## PROBLEM TO SOLVE:
Beginning at the top of the data below, restate every line word for word until the line containing "Grandfather and grandchildren" has been included, and omit the pictures.

## SUPPLIED RECORDS:
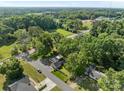 An aerial view of a home surrounded by lush greenery and a tranquil neighborhood at 319 N Central Ave, Locust, NC 28097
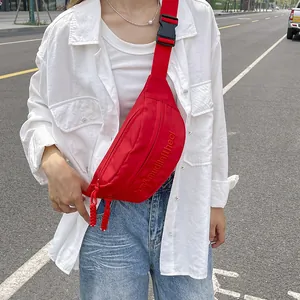 Detailed macro view of vibrant red canvas bag with white letter embroidery and strap buckle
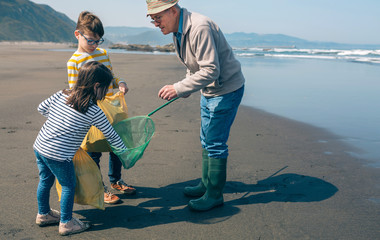 Grandfather and grandchildren taking garbage out of the sea with a fishing net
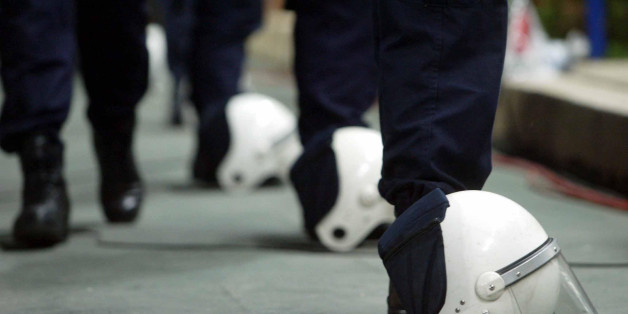 Turkish police helmets lie on the ground as the Turkey v England European Championships qualifying match at the Sukru Saracoglu stadium in Istanbul, Turkey. THIS PICTURE CAN ONLY BE USED WITHIN THE CONTEXT OF AN EDITORIAL FEATURE. NO WEBSITE/INTERNET USE UNLESS SITE IS REGISTERED WITH FOOTBALL ASSOCIATION PREMIER LEAGUE.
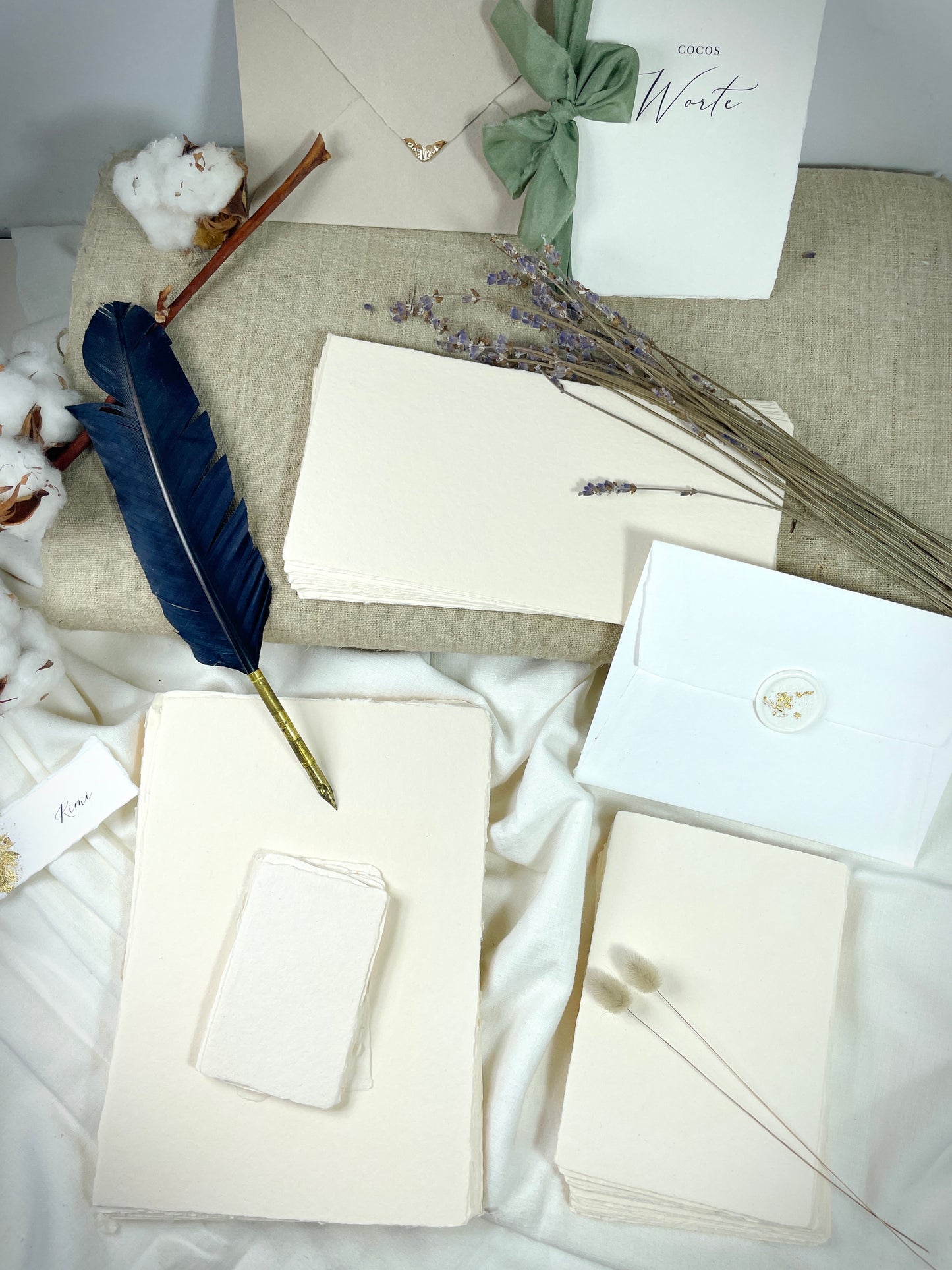 dekoratives Arrangement von cremefarbenem Büttenpapier mit Schreibfeder und Blumen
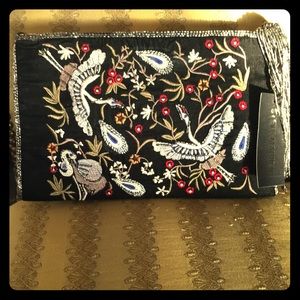 Black velvet embroidered clutch with tassel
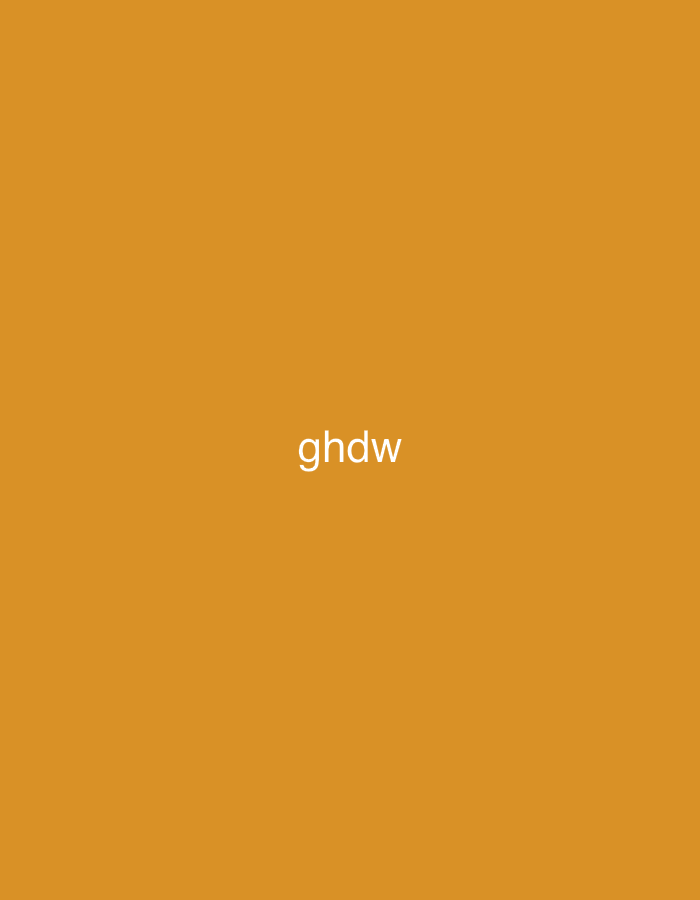 The image presents a minimalist, two-dimensional graphic featuring a solid, uniform background in an ochre or burnt orange color. Centered horizontally and slightly below the vertical mid-point, the white, sans-serif, lowercase text "ghdw" is displayed. There are no discernible people, additional subjects, objects, or actions depicted within the frame. The environment is entirely abstract, consisting solely of the colored background and text. The image does not contain any visual elements or contextual information that would indicate a physical location in Casablanca, Morocco, or any other specific geographical area.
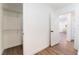 View of hallway with wood-look floors, an open closet, and a glimpse into a dining area, creating an inviting transition at 1408 E Carson Ave, Las Vegas, NV 89101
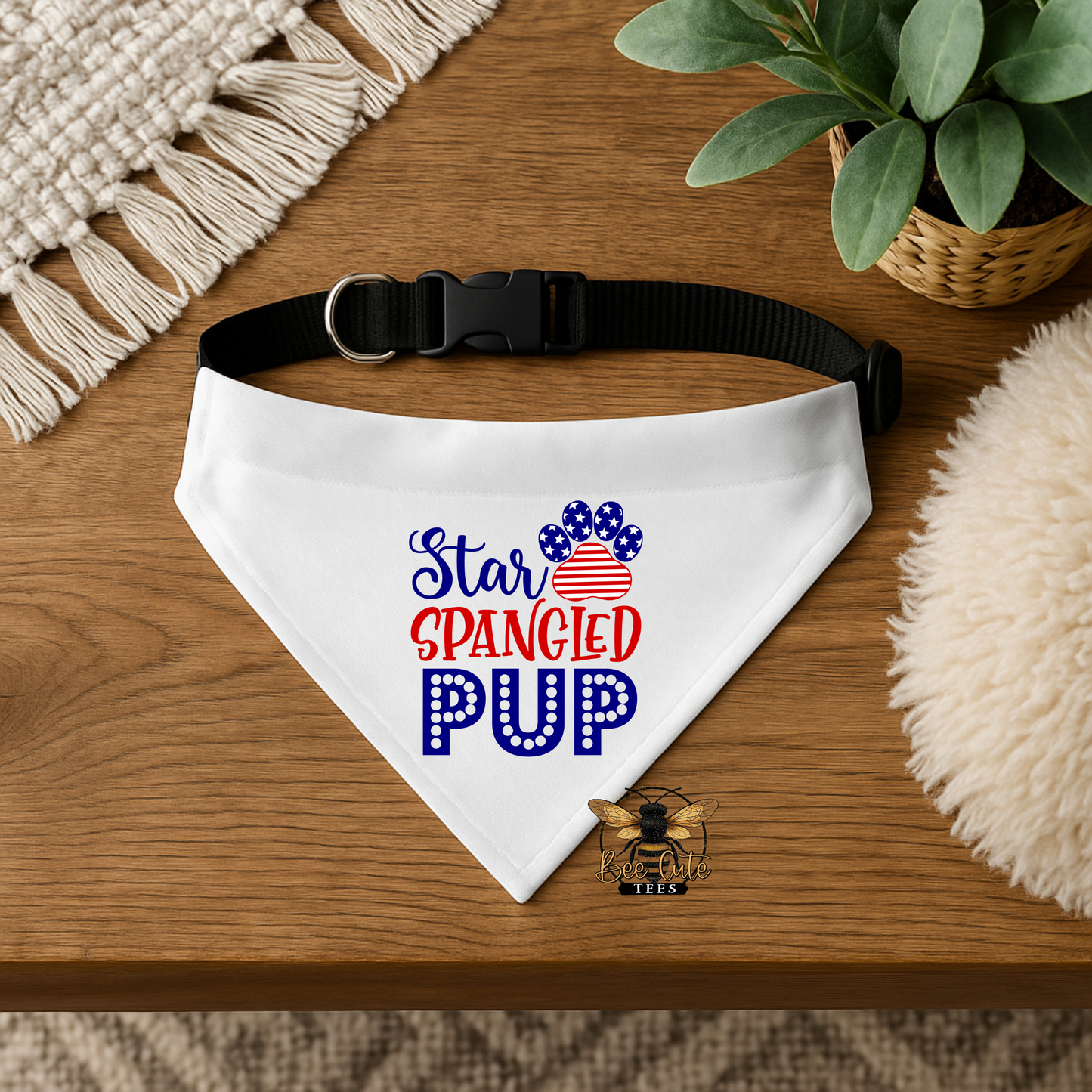 White dog bandana with 'Star Spangled Pup' text on a wooden surface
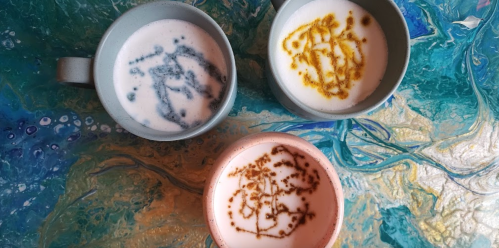 Three cups of coffee with artistic foam designs, placed on a colorful, marbled surface.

## SOLUTION FOR THIS EXERCISE:
 An aerial view of a home surrounded by lush greenery and a tranquil neighborhood at 319 N Central Ave, Locust, NC 28097
 Detailed macro view of vibrant red canvas bag with white letter embroidery and strap buckle
 Grandfather and grandchildren taking garbage out of the sea with a fishing net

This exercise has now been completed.